REQUIREMENT -> Given the records underneath, please repeat exactly the lines from the line with "Op de afbeelding: Een" through the line with "Prairie-style house with", passing over any picture.

AVAILABLE RECORDS ->
══════════

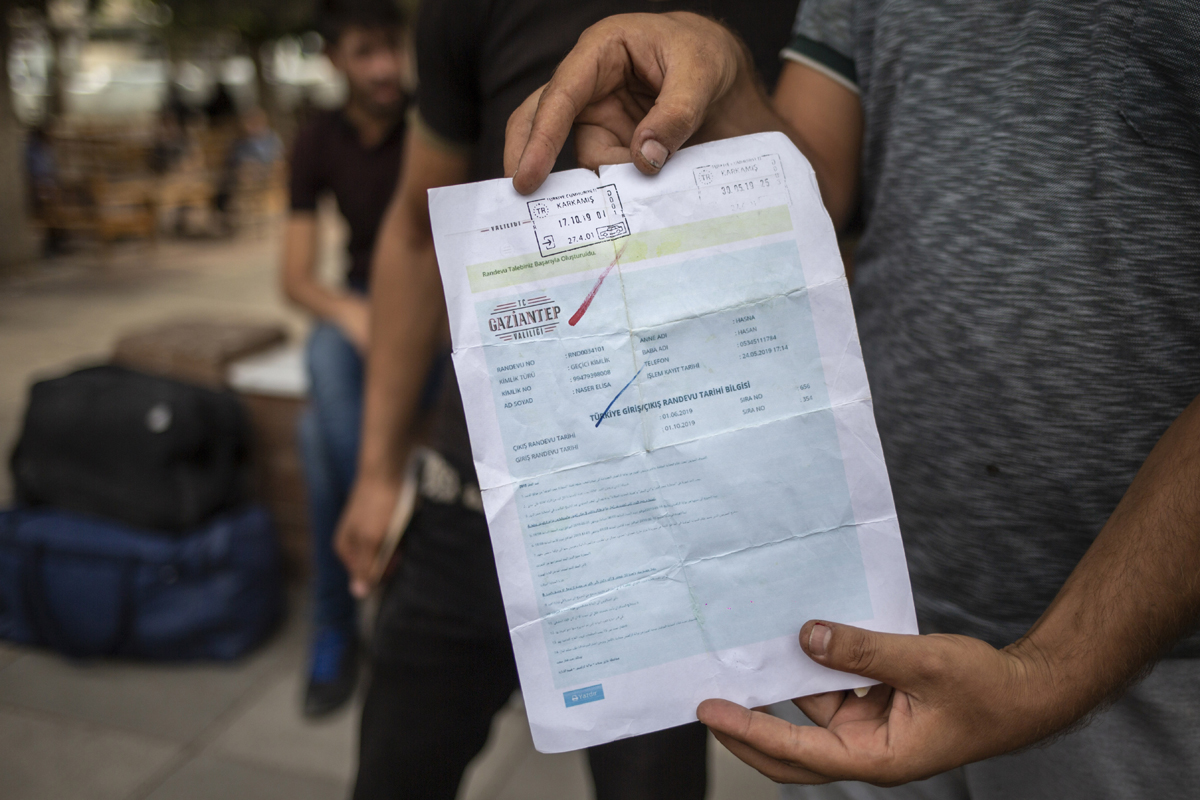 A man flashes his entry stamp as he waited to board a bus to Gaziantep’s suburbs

══════════

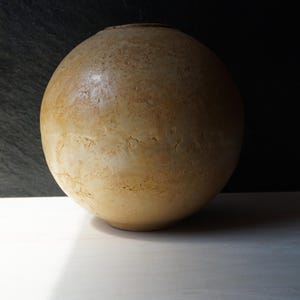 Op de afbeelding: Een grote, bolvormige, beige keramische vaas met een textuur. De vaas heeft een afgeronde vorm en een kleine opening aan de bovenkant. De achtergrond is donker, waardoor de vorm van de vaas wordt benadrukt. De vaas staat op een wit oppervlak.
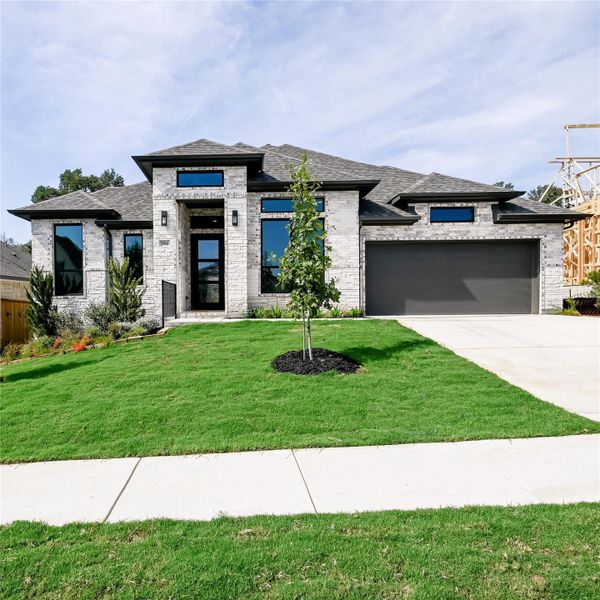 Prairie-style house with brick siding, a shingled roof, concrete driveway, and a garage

══════════

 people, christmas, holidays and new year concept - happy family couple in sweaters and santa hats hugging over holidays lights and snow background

══════════

REPLY TO THE EXERCISE ->
 Op de afbeelding: Een grote, bolvormige, beige keramische vaas met een textuur. De vaas heeft een afgeronde vorm en een kleine opening aan de bovenkant. De achtergrond is donker, waardoor de vorm van de vaas wordt benadrukt. De vaas staat op een wit oppervlak.
 Prairie-style house with brick siding, a shingled roof, concrete driveway, and a garage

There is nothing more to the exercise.